Since the famous “Schrems II” ruling by the European Court of Justice in 2020, this activity has been thrown into disarray. To remind you, this is the ruling which invalidated the EU-US Privacy Shield and raised concerns about the use of EU Standard Contractual Clauses (SCCs) to protect the data. 

Soon after, the European Commission set to work to update the EU SCCs. These were drafted and enacted fairly swiftly taking effect on 27th June 2021. 

What are the new EU SCCs?

The new EU SCCs were expanded to introduce more flexible scenarios: 

  • SCCs are now modular meaning that they can accommodate different scenarios, where you can pick the parts which relate to your particular situation.
  • The SCCs cover four different transfer scenarios, including processors:
    • Controller to controller
    • Controller to processor
    • Processor to controller
    • Processor to processor
  • More than two parties can accede to the SCCs, meaning additional controllers and processors can be added through the lifetime of the contract. This potentially reduces the administrative burden.

How did this affect the UK? 

On 28th June the UK’s adequacy decision was adopted.  On September 27th 2021, the prior version of the SCCs expired. 

In our webinar last year, it was obvious that everyone was confused. The situation caused by the “Schrems” ruling was compounded by the fact that Brexit had been completed. This meant we could no longer apply the SCCs approved in Europe. The UK needed its own SCCs, but they did not exist. 

The ICO consultation

From August to October 2021, the ICO conducted a consultation to understand how a UK version of these rules should be enacted. Since we had been granted an adequacy agreement by the EU, we all hoped it would be possible to mirror the SCCs arrangements in UK law thus re-instating the means by which we can lawfully export data to places such as the US. 

Anecdotally the resounding view was not to mess with the principles enshrined in the EU SCCs as it would simply add complexity to an already complex situation.

The ICO conclusion

In January, the ICO published the International Data Transfer Agreement (IDTA) and the International Data Transfer Addendum to the EU Commission Standard Contractual Clauses.

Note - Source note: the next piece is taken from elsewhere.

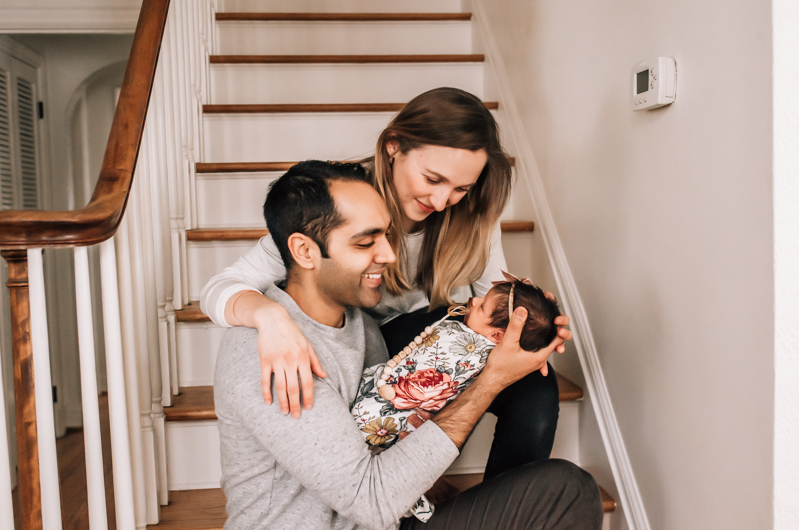 Newborn Photographer, a young mother and father admire their baby at the foot of the stairs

To the layperson, the EU’s standards have been adopted. 

What’s included in the Agreement and Addendum? 

    1. The International Data Transfer Agreement (IDTA) replaces the old EU SCCs which were relied upon to provide the appropriate safeguards required under the UK GDPR for international data transfers from the UK. There are differences to the new EU SCCs – it is a single all-encompassing agreement that incorporates all the scenarios identified in EU SCCs. One can omit sections and there is no requirement for it to be signed. This is most useful for those creating new data transfer agreements.
    2. The UK Addendum is a far simpler document. It is an addendum to the EU SCCs where references to EU laws are replaced by references to UK laws. It allows businesses to use the EU SCCs for international data transfers from the EU but also from the UK. These are useful for those already using the EU SCCs who want a simple addendum to update the legal context. 

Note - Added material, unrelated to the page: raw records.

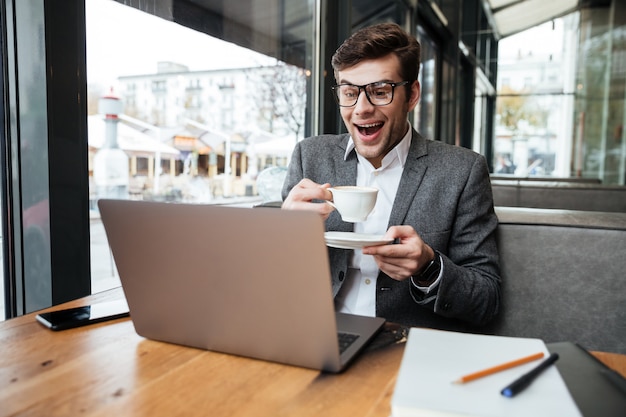 Uomo d'affari di risata in occhiali che si siedono dalla tavola in caffè con la tazza di caffè mentre esaminando computer portatile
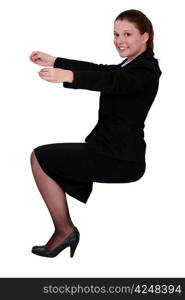 Businesswoman holding an invisible object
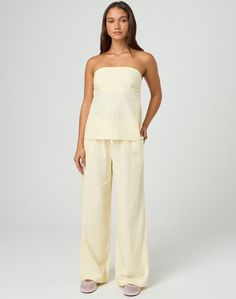 These tie waist pants feature a relaxed leg style and a mid rise fit. Chic Straight Leg Bottoms With Tie Waist, Chic Tie Waist Ankle-length Pants, Chic Ankle-length Tie Waist Pants, Chic Straight Pants With Tie Waist, Versatile Wide-leg Pants With Tie Waist, Versatile Straight Pants With Tie Waist, Chic Tie Waist Loungewear Bottoms, Chic Tie Waist Bottoms For Loungewear, Chic Relaxed Fit Bottoms With Tie Waist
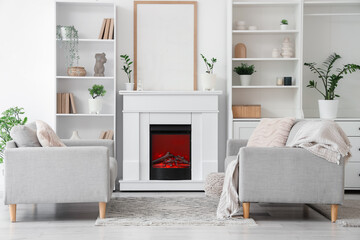 Fototapeta premium Fireplace and sofas in interior of light living room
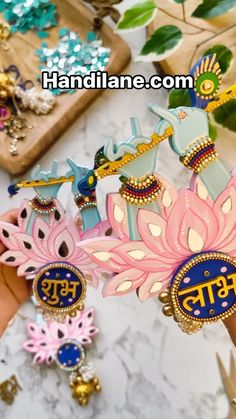 a person holding some colorful brooches in their hand on a marble counter top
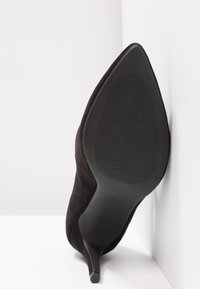 Chaussure à talons hauts en suède noir avec un bout pointu et un fin talon aiguille. La semelle est texturée avec un motif ondulé, affichant le logo de la marque.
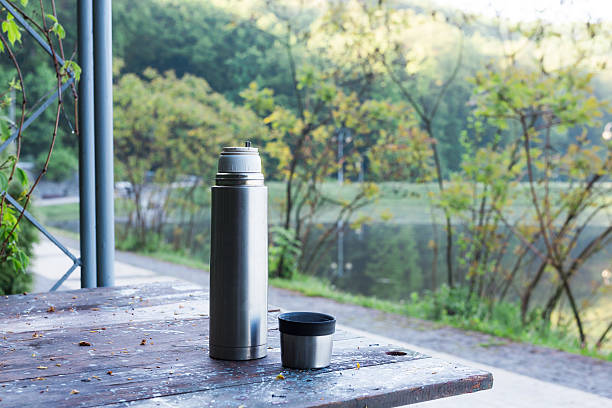 istock Thermos  and cup of coffee on wooden table 529118962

When does this come into force?

The IDTA was laid before Parliament on 2nd February 2022. It comes into force on 21st March if there are no objections. To all intents and purposes, it’s in force now. The Information Commissioner Office (ICO) has stated the IDTA and UK Addendum:

“are immediately of use to organisations transferring personal data outside of the UK, subject to the caveat that they come into force on 21 March 2022 and are awaiting Parliamentary approval“.

What does this all mean?

In practice, UK businesses can breathe a sigh of relief and get on with their lives. There is clarity at last. Existing agreements need to be updated with the UK Addendum and new ones can be put in place with the International Data Transfer Agreement. There will be an administrative burden, but businesses now know what they need to do.  Good sense has prevailed.